Since the BSA first proposed the demands in October 2011, it has met with members of the administration every other week, Lemons said.
Although the group’s initial meeting with Simon and other administrators became heated, Lemons said negotiations now are more peaceful, and progress is being made. The demands were categorized, and so far, policy demands have been changed, and the work on education demands has began, Lemons said.
“(President Simon) specifically wrote that our demands are a priority,” he said. “They’ve definitely stood true to their word.”
Throughout the BSA’s movement, Sharp said she attended the town hall meeting, the march, an initial meeting with administrators and every other event to support their activism.
“I was very proud to see that my situation wasn’t just swept under the rug, and things came from it,” she said.
Sharp said she feels speaking out against injustices such as the one she experienced proves to future victims it is important to share their testimonies.
“If they go through a similar situation, it helps them to speak up as well,” she said. “Things actually do happen when you speak up, and being quiet about it only helps the negative situation.”
After all the protests and meetings, Lemons said sometimes his group jokes about feeling like members of the Black Panther Party, which was a black revolutionary organization in the U.S. in the 1960s, who are often painted as radicals, Lemons said.
“At MSU student activism is so quiet, us coming up and demanding things has been perceived as this radical thing,” he said. “But at other universities it’s normal to speak up and advocate for our rights.”
Paving the way
One of the ways students can grow in racial understanding is by attending some of the BSA events and immersing themselves in new cultural experiences, Lemons said. Although some white students might feel uncomfortable as a racial minority at BSA events, Lemons said he encourages students to realize black students are in the minority in most of their classes.

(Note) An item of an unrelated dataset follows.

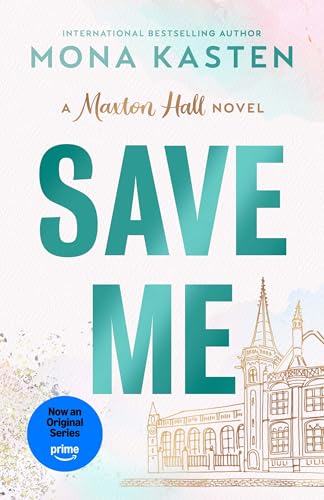 Save Me: The international BookTok sensation behind the Amazon Prime series MAXTON HALL (Maxton Hall series Book 1)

June said if students dedicate themselves to understanding, the likelihood of racial incidents might decrease.
“I’m not sure given the nature of human beings that we’ll have a society where those things never happen,” he said. “But what we can change is the institution and how they respond when they do it.”
Somewhere down the road, Lemons said he hopes his group’s student activism is recognized, and someday future leaders will follow in their footsteps.
“I believe they will come across our names and our year and study us just as we did other ones before us,” he said. “People are going to be able to look back and see we’ve done something here. We’re not super famous, but we’re here to serve the community and (it could start) a ripple effect.”
Sharp said if she were to meet the person who wrote the racial slur on her dry erase board last September, she would not be angry, saying the fight would not be worth it.
“I still think about it today,” she said. “That’s their own issue, that’s not my issue. There wouldn’t be anything I could say.”